### HOW TO COMPLETE THIS TASK
All the lines below need retyping exactly, apart from the images.

### DATA SHOWN
===
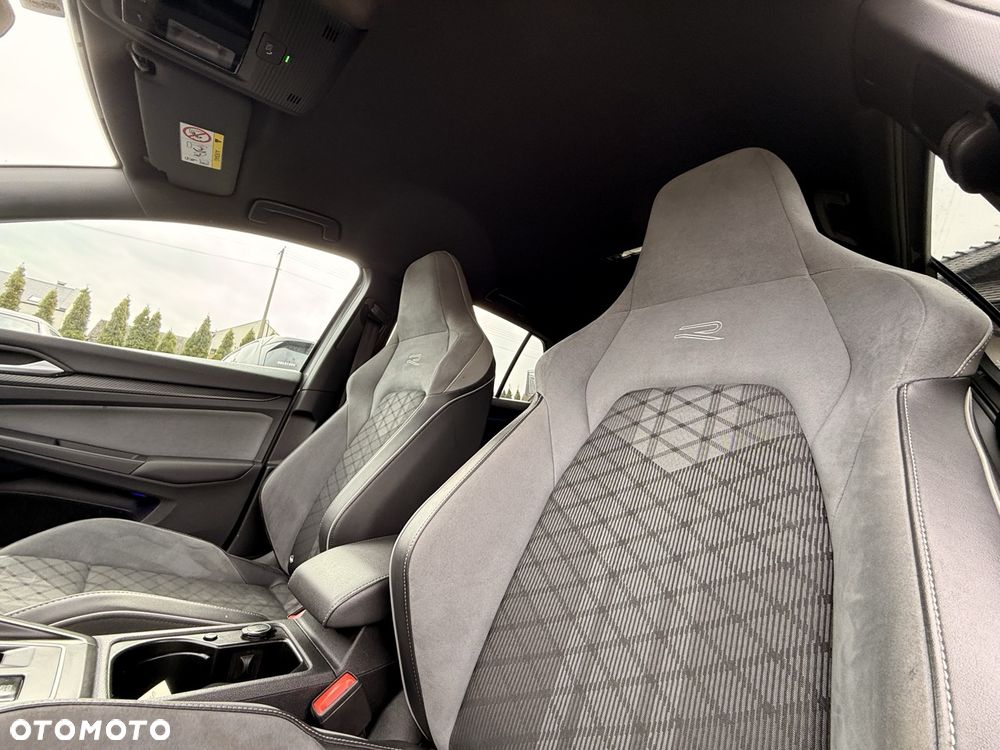 Volkswagen Golf 1.5 eTSI OPF DSG R-Line - 18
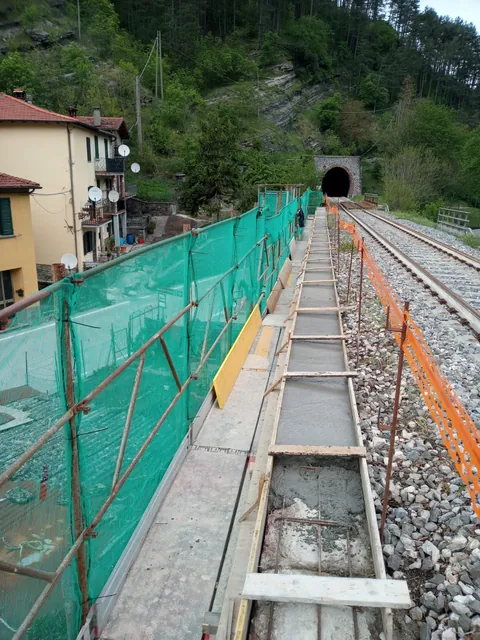 Lavori lungo la linea ferroviaria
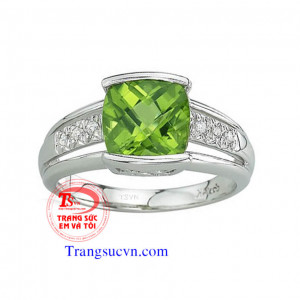 Nhẫn vàng tây gắn đá Peridot thiên nhiên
===
### SOLUTION TO THE PROBLEM
 Volkswagen Golf 1.5 eTSI OPF DSG R-Line - 18
 Lavori lungo la linea ferroviaria
 Nhẫn vàng tây gắn đá Peridot thiên nhiên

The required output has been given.